The language of string::Parse algorithm

The string::Parse command differentiates between parsed types. Available ones include:

  • Automaton,
  • Grammar,
  • String,
  • RegExp, and
  • Tree.

All these are themselves described by their own gammars.

To access the parser of the particular types the call to the string::Parse algorithm is followed with the @-initiated type.

Labels

The exposed parsers for the types listed above seldom parse strings and numbers (among others) themselves. In general, if the sequece is to be treated as a label (a value of an alphabet’s symbol, etc.) a general parser is used.

Labels include primitive literals:

  • string and
  • integer or composites:
  • pair,
  • set, and
  • vector.

Anything that starts with a character or underscore and continues as a character, an underscore, or a digit sequece is a string literal. Anything that starts with a digit and continues with digits is an integer literal. Composites are enclosed in a matching pair of brackets, and contain a comma separated sequence of labels (which for pair has to be of length two and for set and vector it is arbitrary).

<1, 2>
{a, b}
[{a}, b]

Be careful, the parser differentiates between integer and string labels. Symbol 01234 and 1234 are integers therefore 01234 == 1234. Zero does not mean octal numbers.

Finite Automata

Finite automata (FA) use a “tabular notation” which is very similar to the notation from the AAG course.
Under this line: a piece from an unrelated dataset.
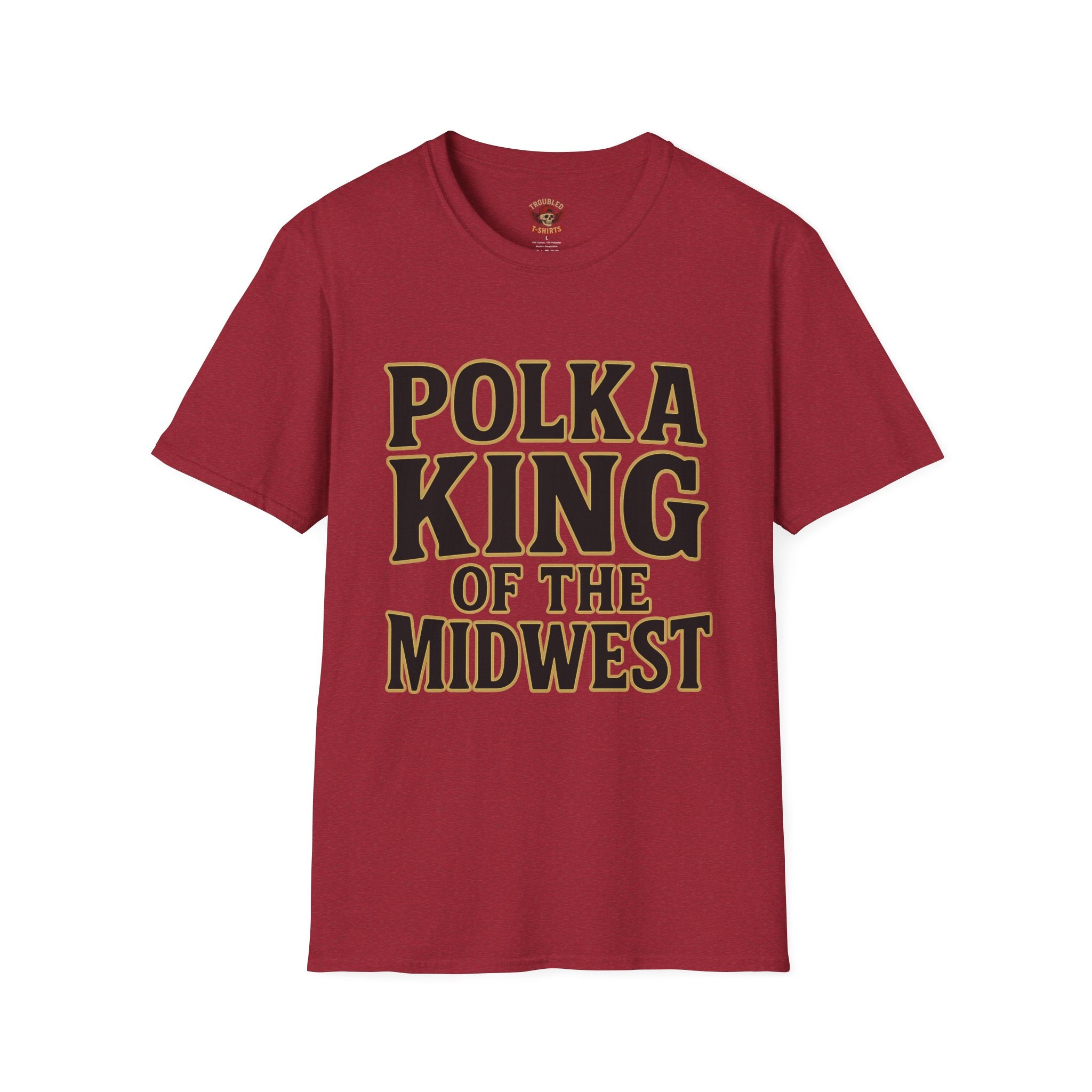 Polka King of the Midwest T-Shirt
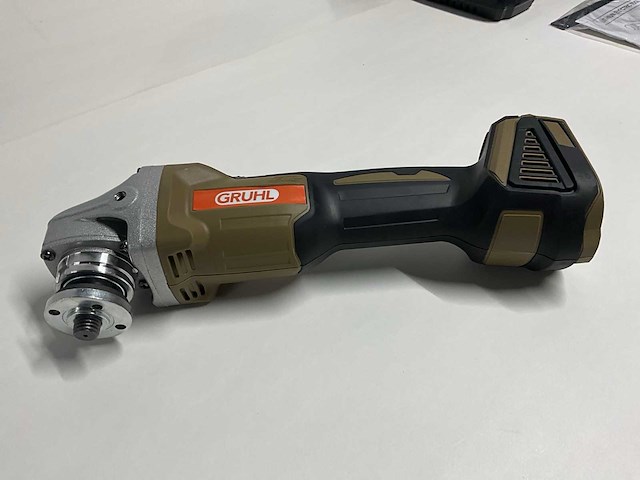 Gruhl g-125st haakse slijpmachine - afbeelding 1 van  13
The header of the table (the first row) specifies the type of the automaton:

  • DFA – deterministic FA,
  • NFA – nondeterministic FA,
  • ENFA – nondeterministic FA with epsilon transitions,
  • MISNFA – nondeterministic FA with multiple initial states, and
  • MISENFA – nondeterministic FA with multiple initial states and epsilon transitions.

Further, the first row contains a list of alphabet symbols. Alphabet symbols are separated with a space. If the automaton type allows epsilon-transitions, you have to add a special symbol #E (ε) to end of the list.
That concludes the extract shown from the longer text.